I'm playing hooky today, and I hate it.
I'm skipping what should be the most important sports event of the year, and I'm sick about it.
I'm ditching the World Series.
And it's the World Series' fault.
As a writer groomed on the baseball beat, I will always be in love with the Fall Classic, its two-minute duels, its exhausting dramas, its suffocating pressure, a tobacco-spitting metaphor for the human condition.
Since my first World Series 25 years ago -- remember Rick Dempsey? -- I embraced it, supported it, sold it, through strikes and sweeps and Detroit snow.
But as a general interest sports columnist, I must sadly admit that the World Series is no longer an event of great general interest.
OK, this year there is big interest in Tampa -- at least for the last couple of days. During a three-game home stretch this season, the Rays drew 26,798 fans combined .
And, yes, there is big interest in Philadelphia for the Phillies -- at least as long as the Eagles have a bye. A couple of weeks ago, when both were on TV at the same time, the Eagles drew nearly twice as many viewers even though the Phillies were in the playoffs.
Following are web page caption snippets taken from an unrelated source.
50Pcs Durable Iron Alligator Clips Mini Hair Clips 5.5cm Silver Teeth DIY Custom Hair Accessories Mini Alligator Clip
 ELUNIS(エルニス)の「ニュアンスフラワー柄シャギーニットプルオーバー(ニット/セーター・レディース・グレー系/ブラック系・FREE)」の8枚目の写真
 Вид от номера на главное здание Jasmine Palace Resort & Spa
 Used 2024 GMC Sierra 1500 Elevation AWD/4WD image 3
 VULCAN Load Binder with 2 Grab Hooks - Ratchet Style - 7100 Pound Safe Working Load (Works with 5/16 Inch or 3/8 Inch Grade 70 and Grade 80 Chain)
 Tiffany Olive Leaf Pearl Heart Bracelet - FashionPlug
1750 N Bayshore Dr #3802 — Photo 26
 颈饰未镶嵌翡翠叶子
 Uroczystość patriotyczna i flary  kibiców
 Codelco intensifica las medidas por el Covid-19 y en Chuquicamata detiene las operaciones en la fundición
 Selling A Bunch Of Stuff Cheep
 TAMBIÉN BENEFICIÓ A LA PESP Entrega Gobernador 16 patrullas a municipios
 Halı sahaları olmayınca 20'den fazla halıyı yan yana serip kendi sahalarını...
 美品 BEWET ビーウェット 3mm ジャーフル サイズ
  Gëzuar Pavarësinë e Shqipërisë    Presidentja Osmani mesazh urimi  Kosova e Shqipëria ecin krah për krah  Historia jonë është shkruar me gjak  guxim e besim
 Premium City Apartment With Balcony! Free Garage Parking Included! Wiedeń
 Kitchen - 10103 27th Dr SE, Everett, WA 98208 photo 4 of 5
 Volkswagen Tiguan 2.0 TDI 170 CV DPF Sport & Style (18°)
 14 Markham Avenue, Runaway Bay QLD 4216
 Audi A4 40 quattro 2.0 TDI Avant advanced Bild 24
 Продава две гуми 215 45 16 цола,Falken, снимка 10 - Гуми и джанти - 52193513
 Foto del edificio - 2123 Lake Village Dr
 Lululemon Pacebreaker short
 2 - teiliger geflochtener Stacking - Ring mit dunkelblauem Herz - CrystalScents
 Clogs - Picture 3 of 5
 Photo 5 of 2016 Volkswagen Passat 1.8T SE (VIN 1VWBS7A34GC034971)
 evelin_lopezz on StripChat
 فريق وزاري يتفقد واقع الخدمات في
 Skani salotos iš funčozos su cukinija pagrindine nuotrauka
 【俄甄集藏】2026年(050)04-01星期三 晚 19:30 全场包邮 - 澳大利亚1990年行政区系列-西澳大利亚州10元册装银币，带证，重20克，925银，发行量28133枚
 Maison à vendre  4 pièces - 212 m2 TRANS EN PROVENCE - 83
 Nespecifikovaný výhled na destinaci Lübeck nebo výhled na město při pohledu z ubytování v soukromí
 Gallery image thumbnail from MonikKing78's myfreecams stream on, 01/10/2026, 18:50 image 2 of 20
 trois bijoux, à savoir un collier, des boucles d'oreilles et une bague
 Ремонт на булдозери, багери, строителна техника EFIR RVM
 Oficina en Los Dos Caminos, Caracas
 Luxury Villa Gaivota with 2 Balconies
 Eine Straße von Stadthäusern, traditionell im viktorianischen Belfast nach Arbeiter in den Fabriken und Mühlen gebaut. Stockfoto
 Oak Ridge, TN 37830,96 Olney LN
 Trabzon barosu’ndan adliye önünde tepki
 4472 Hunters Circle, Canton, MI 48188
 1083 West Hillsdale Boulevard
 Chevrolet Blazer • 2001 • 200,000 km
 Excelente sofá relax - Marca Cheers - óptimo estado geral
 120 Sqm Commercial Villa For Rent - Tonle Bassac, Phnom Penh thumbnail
For the last several years, I've worked the World Series amid a nagging feeling that I should be somewhere else.
And so now, mournfully, I am.
The Lakers are opening a season, USC football is walking a tightrope, Brett Favre is a big whiny baby, and those last seven words will probably generate more e-mail than our entire World Series coverage combined.
With television ratings that have dropped by 50% over the last four decades -- cable has cut into all ratings, but holy cow -- the World Series is no longer one of the sports world's big four, must-see events.
The Super Bowl is four times as big. The BCS championship football game is bigger. The Final Four basketball championship is bigger. And the Masters golf tournament is bigger.
"As related to baseball's regular season, the World Series is actually viewed as less important," said Marc Ganis, president of Sportscorp, a Chicago-based sports business consulting firm. "The regular season has soap operas. The regular season is an event. The World Series feels anticlimactic."
This World Series features a memorable worst-to-first team against a franchise that has won one baseball championship in 125 years. It should be closely contested, hotly tempered, a true Fall Classic.